Rodgers: Arsenal must up Suarez bid
Liverpool manager Brendan Rodgers has told Arsenal their £40,000,001 bid for Luis Suarez is nowhere near the player’s value.
Suarez will be allowed to hold talks with the Gunners after the offer, made on Tuesday, triggered a clause in his contract.
Liverpool, though, maintain that the clause does not oblige them to sell the 26-year-old at that price and have rejected the bid. Rodgers suggested last week that Suarez is as valuable as Edinson Cavani, who joined Paris Saint-Germain for €64 million (£55 million) on July 16.
The Anfield manager told the Liverpool Echo: “If Arsenal want the player, then they have to produce the value for the player. There was an offer a few weeks ago of £35 million and, two weeks later, it is now £40,000,001. I don’t think it is anywhere near the value of what he is worth.
“It is two-fold, really. A player may want to go, but then somebody has to pay the value or worth of that player.”

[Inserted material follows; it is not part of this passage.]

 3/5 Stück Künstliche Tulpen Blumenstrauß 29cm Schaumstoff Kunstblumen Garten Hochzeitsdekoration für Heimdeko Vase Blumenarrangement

Suarez played for the final 20 minutes on Wednesday as Liverpool beat Melbourne Victory 2-0 in a friendly in Australia.
It was his first appearance for the club since he was given a ten-match domestic suspension for biting Chelsea defender Branislav Ivanovic during a Premier League game at Anfield on April 21.
Suarez set up a late goal for Iago Aspas, but his celebrations were subdued. He has repeatedly declared that he wants to leave Liverpool since the end of May, and said two weeks ago that he was flattered by Arsenal’s interest.
Pere Guardiola, the player’s agent, believes the clause in his contract will allow him to move on following Arsenal’s bid.
However, when asked about the contract, Rodgers insisted that Liverpool are only obliged to inform Suarez of any offers over £40 million.
“Absolutely,” he said. “That’s it. There’s nothing more than that.”
Suarez flew in to Melbourne on Sunday to join up with Liverpool’s pre-season tour of the Far East and Australia, having been given a break after playing for Uruguay at the Confederations Cup in Brazil in June.
Rodgers said he was happy with the way Liverpool’s 30-goal top scorer last season has applied himself in training and on the field despite the uncertainty over his future.
“It may be a distraction, but players are paid enough money now to produce for their clubs and he just has to keep his professionalism, which he has done,” the manager said. “He was OK to go on to the pitch, and his concentration was fine.
“I am not worried about him [in that sense], but there will be no games played at Liverpool. He is part of the group and he knows the standard you have to meet at this club, on and off the field.”